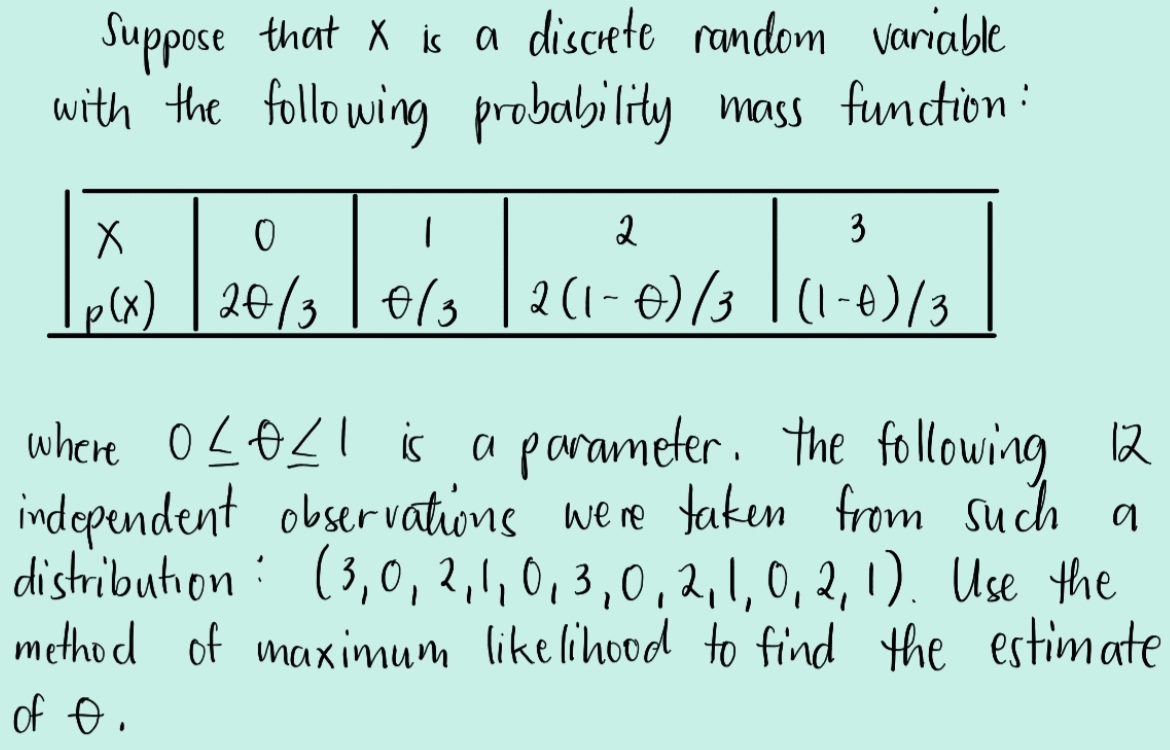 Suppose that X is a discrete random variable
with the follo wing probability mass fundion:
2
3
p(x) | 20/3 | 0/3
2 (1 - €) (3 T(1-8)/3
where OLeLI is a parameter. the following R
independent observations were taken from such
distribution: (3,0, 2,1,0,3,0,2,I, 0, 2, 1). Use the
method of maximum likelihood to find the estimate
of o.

--

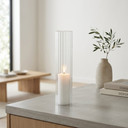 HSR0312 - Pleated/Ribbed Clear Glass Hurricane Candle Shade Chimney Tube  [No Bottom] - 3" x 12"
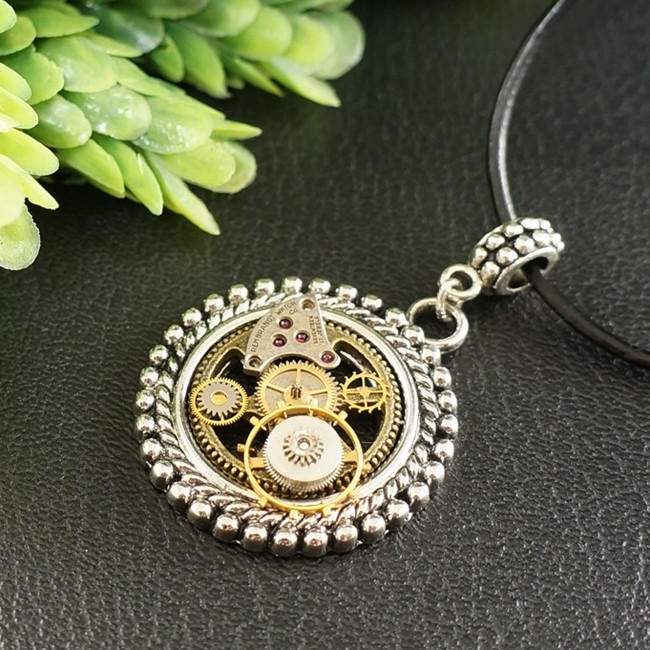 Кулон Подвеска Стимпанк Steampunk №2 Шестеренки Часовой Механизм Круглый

Your objective | Look above for the line with "HSR0312 - Pleated/Ribbed" and the line with "Кулон Подвеска Стимпанк". Output those two and everything between them exactly, pictures excluded.

Response box |
 HSR0312 - Pleated/Ribbed Clear Glass Hurricane Candle Shade Chimney Tube  [No Bottom] - 3" x 12"
 Кулон Подвеска Стимпанк Steampunk №2 Шестеренки Часовой Механизм Круглый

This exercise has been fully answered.